# POPLAR or POPPLE?



## lost in the woods (Jul 13, 2017)

Ladies and gentlemen,

i read 2 posts over the last few weeks which included photos of trees or parts of trees and many users are referring Aspen  (_populous sp.)_ as "poplar"

ASPEN IS NOT POPLAR

I have heard it referred to as 'popple' but not poplar until joining this forum

Yellow Poplar (liriodendron tulipifera) is  poplar.


----------



## baseroom (Jul 13, 2017)

_Populus_, the plant genus which includes most poplars, as well as aspen and cottonwood

Well it is around here!  Tulip poplar is a different tree all together.   
_Liriodendron_, the genus of tulip poplars

Yellow poplar or tulip poplar (_Liriodendron tulipifera_)


----------



## johneh (Jul 13, 2017)

Wikipedia 
_*Populus*_ is a genus of 25–35 species of deciduous flowering plants in the family Salicaceae, native to most of the Northern Hemisphere. English names variously applied to different species include *poplar* /ˈpɒp.lər/, *aspen*, and *cottonwood*.
Draw your own conclusions


----------



## baseroom (Jul 13, 2017)

Bingo



johneh said:


> Wikipedia
> _*Populus*_ is a genus of 25–35 species of deciduous flowering plants in the family Salicaceae, native to most of the Northern Hemisphere. English names variously applied to different species include *poplar* /ˈpɒp.lər/, *aspen*, and *cottonwood*.
> Draw your own conclusions


----------



## billb3 (Jul 14, 2017)

Yeah, yellow poplar, often called by it's common name  "poplar" isn't even a poplar.
Yellow poplar (liriodendron ) is part of the Magnolia family.

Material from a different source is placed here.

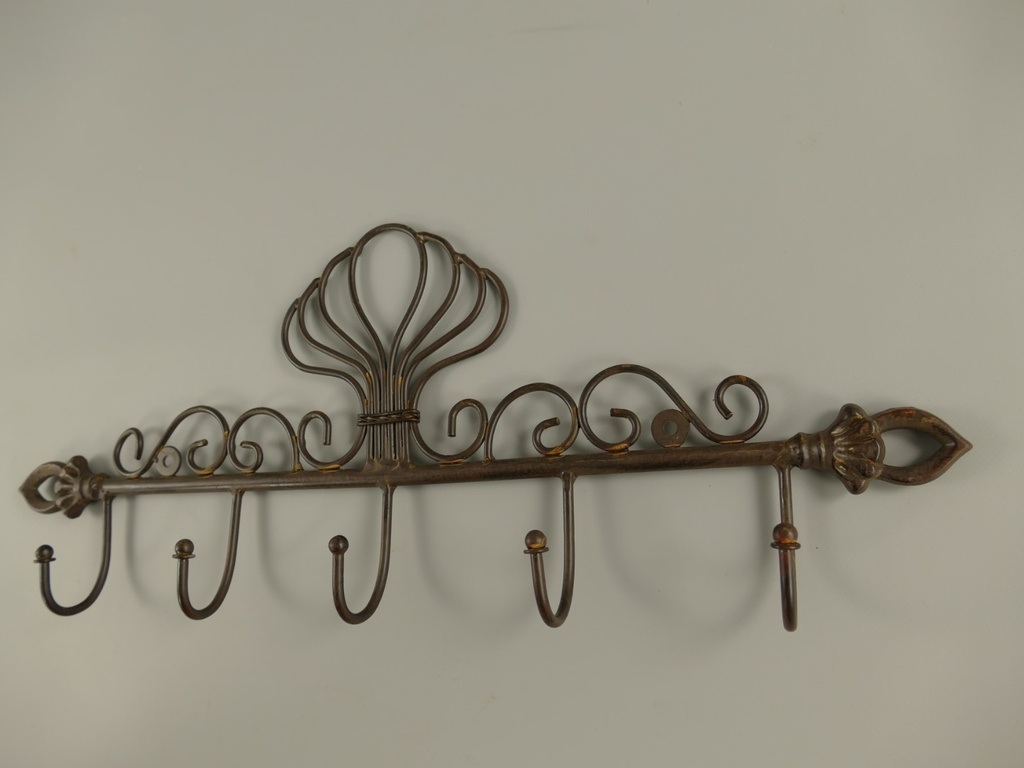 [LA-85683] Wandhaken Eisen L.54x21cm Bild 3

All the other "poplars" - white and black, aspens, cottonwoods are all part of the "populus" family of poplars.


It's like red cedars here are actually junipers and Atlantic white cedars here are actually part of the cypress family.
You still pretty much have to use the common local name or few will know what you're talking about.


----------



## kennyp2339 (Jul 14, 2017)

how about popular poplar


----------



## TreePointer (Jul 15, 2017)

Common names vs. Taxonomic classification (scientific name/classification)

There is an "English white oak" tree whose leaves are familiar to many, and most people refer to the tree simply as "white oak."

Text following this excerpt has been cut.